=== Begin Enclosure ===

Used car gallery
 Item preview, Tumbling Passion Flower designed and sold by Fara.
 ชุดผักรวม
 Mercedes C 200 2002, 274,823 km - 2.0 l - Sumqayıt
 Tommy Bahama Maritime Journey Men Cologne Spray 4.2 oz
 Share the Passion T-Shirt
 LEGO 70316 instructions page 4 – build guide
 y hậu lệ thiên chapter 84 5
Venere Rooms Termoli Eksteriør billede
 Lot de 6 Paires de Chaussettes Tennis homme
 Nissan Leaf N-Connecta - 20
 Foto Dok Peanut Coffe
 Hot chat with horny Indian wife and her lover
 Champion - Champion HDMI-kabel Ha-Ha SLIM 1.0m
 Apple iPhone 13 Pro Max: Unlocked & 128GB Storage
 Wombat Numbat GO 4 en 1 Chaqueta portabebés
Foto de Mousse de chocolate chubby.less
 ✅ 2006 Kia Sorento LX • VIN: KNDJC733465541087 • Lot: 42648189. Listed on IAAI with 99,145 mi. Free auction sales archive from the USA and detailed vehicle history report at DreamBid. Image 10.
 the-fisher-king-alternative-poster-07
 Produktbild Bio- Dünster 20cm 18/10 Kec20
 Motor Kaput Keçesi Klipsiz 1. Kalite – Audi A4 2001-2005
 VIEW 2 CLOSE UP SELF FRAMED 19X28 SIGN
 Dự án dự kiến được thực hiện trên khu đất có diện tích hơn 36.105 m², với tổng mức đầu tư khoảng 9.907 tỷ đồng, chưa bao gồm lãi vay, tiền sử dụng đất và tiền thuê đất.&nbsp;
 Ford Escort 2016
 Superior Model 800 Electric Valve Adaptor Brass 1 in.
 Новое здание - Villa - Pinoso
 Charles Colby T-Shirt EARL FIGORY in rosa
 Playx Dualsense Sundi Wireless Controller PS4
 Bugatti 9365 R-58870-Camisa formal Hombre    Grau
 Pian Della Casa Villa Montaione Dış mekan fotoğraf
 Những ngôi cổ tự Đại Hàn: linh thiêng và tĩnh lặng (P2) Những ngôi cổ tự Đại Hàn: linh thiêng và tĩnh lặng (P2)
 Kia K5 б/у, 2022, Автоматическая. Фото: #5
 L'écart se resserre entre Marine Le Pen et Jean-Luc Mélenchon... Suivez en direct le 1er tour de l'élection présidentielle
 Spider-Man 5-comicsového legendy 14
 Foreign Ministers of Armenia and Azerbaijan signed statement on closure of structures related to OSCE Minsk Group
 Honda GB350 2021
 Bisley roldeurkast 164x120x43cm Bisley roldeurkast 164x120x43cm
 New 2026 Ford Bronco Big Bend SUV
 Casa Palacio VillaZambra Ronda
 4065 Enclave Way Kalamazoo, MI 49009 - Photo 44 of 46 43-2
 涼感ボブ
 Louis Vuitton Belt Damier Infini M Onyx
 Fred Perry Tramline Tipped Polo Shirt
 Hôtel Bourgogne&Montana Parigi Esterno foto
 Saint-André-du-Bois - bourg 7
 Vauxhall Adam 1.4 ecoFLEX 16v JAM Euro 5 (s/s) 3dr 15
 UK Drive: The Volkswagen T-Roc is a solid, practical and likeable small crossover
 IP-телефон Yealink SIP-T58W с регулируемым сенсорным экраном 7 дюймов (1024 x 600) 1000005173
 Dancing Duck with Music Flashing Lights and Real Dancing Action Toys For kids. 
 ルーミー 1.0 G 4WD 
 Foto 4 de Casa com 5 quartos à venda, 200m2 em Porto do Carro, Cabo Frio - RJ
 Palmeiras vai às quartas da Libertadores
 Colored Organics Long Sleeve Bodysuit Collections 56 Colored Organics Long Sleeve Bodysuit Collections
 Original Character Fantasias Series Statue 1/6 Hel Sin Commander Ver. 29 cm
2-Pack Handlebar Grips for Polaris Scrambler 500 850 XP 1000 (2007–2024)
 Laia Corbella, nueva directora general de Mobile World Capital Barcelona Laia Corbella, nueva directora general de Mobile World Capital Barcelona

=== End Enclosure ===

Task details
Transcribe the records from their first line. Stop after the line with "the-fisher-king-alternative-poster-07", including it.

Answer to the problem
Used car gallery
 Item preview, Tumbling Passion Flower designed and sold by Fara.
 ชุดผักรวม
 Mercedes C 200 2002, 274,823 km - 2.0 l - Sumqayıt
 Tommy Bahama Maritime Journey Men Cologne Spray 4.2 oz
 Share the Passion T-Shirt
 LEGO 70316 instructions page 4 – build guide
 y hậu lệ thiên chapter 84 5
Venere Rooms Termoli Eksteriør billede
 Lot de 6 Paires de Chaussettes Tennis homme
 Nissan Leaf N-Connecta - 20
 Foto Dok Peanut Coffe
 Hot chat with horny Indian wife and her lover
 Champion - Champion HDMI-kabel Ha-Ha SLIM 1.0m
 Apple iPhone 13 Pro Max: Unlocked & 128GB Storage
 Wombat Numbat GO 4 en 1 Chaqueta portabebés
Foto de Mousse de chocolate chubby.less
 ✅ 2006 Kia Sorento LX • VIN: KNDJC733465541087 • Lot: 42648189. Listed on IAAI with 99,145 mi. Free auction sales archive from the USA and detailed vehicle history report at DreamBid. Image 10.
 the-fisher-king-alternative-poster-07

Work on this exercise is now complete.